Fiumi di marmettola scorrono sulle Alpi Apuane. Lo scarto di lavorazione del marmo, riversato fino agli anni ottanta nei corsi d’acqua, facendo sparire ogni forma di vita, è stato trovato nuovamente nel Frigido, fiume che nasce nelle montagne di Massa e scivola giù verso il mare. La polvere bianca arriva direttamente dalle cave, dove invece di essere stoccata e portata in discarica e trattata come rifiuto speciale viene sistematicamente abbandonata nei piazzali, “senza adeguate reti di drenaggio e di scolo per gestire l’acqua piovana”. A rivelarlo è l’Arpat che ormai colleziona denunce e relazioni sul caso. Nell’ultima, pubblicata nei giorni scorsi, sottolinea anche lo stato chimico “non buono” delle acque del Frigido. Come quelle del Carrione, altro corso d’acqua che nasce nelle Apuane, lato Carrara, e poi sfocia a mare dopo aver attraversato decine di cave.

D’altronde la marmettola, come scrive la responsabile per la provincia dell’agenzia Gigliola Ciacchini “costituisce un apporto non naturale, ha la particolarità di precipitare sul fondo dei corsi d’acqua, occlude gli interstizi presenti e impermeabilizza la superficie di scorrimento dell’acqua con effetti sull’ambiente che vanno dalla scomparsa dell’habitat per le specie animali e vegetali che popolano il fiume fino alla non alimentazione delle falde acquifere”. In altre parole: secca i corsi d’acqua e le specie animali spariscono. Che è la sorte già toccata alla sorgente del passo della Focalaccia, cresta di un monte al confine tra il comune di Massa e quello di Minucciano in provincia di Lucca (una volta a quota 1685 metri di altezza e adesso abbassato di oltre 50 metri per l’attività estrattiva): la sorgente è sparita, seccata, diventata un ricordo nostalgico dei vecchi alpinisti.

Sulle conseguenze dirette sull’organismo umano, invece, domina ancora il caos, dal momento che di studi scientifici sul caso non ne sono mai stati fatti.
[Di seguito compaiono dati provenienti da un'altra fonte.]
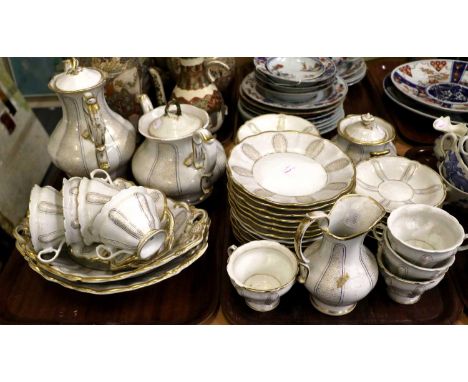 A KPM Porcelain Part Tea and Coffee Service, 19th century, with panels of vermicelli gilding under wet blue bands, underglaze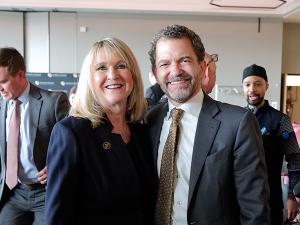 Board of Regents Vice Chair Sue Sharkey congratulates President Todd Saliman.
Arpat, in una delle sue relazioni scrive che “non costituisce un serio pericolo per la salute pubblica”. Altri, soprattutto geologi, sostengono il contrario, facendo notare che per estrarre il marmo viene utilizzato il filo diamantato, che per ogni 100 metri quadrati di taglio disperde nell’ambiente 56 grammi di legante metallico. Il quale contiene a sua volta cobalto, nichel, rame, stagno, ferro e wolframio, che si mescolano inevitabilmente alla marmettola, che finisce poi nei corsi d’acqua. Tant’è che (forse nell’incertezza della sua tossicità), per rendere potabile l’acqua proveniente da fonti vicino a cave, si ricorre a cinque livelli di depurazione contro l’uno delle acque provenienti da fonti lontane. “E a costi – fa notare il presidente della commissione ambiente del Comune di Massa, Nicola Cavazzuti di Rifondazione comunista, che ha elaborato un dossier sul caso – nettamente superiori, che gravano sui cittadini. È il caso ad esempio – spiega – della sorgente del Cartaro che fornisce acqua a Massa. L’impianto riceve acque da due fonti, quella del canale del Cartaro che sta sotto il bacini industriale marmifero denominato Rocchetta, e quella alla destra orografica al di fuori dell’influenza del bacino industriale. Da queste fonti arrivano circa 7 milioni di metri cubi di acqua all’anno, è la fornitura più grande gestita da Gaia. Le acque della prima devono passare da 5 fasi, quelle della seconda da una sola”.

La più grande riserva idrica della Toscana (quella delle Apuane) sembra costantemente sotto minaccia. Già nel nel 2013 l’Arpat aveva segnalato la presenza della marmettola in molti corsi d’acqua di quelle montagne, in particolare nel Serchio in Garfagnana (Lucca), nel Carrione a Carrara e nel Frigido a Massa. E aveva avvisato gli organi competenti (Regione, Provincia, Comune) e titolari di cave di prendere “immediatamente precauzioni” per evitare un nuovo sversamento. Ma rimasta inascoltata Cassandra, la storia si è ripetuta. Sia assessore all’ambiente di Massa, Uilian Berti, del Pd, sia il presidente del Parco Alpi Apuane, Alberto Putamorsi, anche lui uomo del Pd, si erano giustificati con un “non abbiamo strumenti per controllare, ma ci stiamo lavorando”. E pensare che il Comune di Massa in passato (erano metà anni ’90) ha speso circa 5 miliardi delle vecchie lire (soldi pubblici chiaramente) per ripulire l’alveo del fiume dalla marmettola.  Quelli che adesso sarebbero almeno 5 milioni di euro.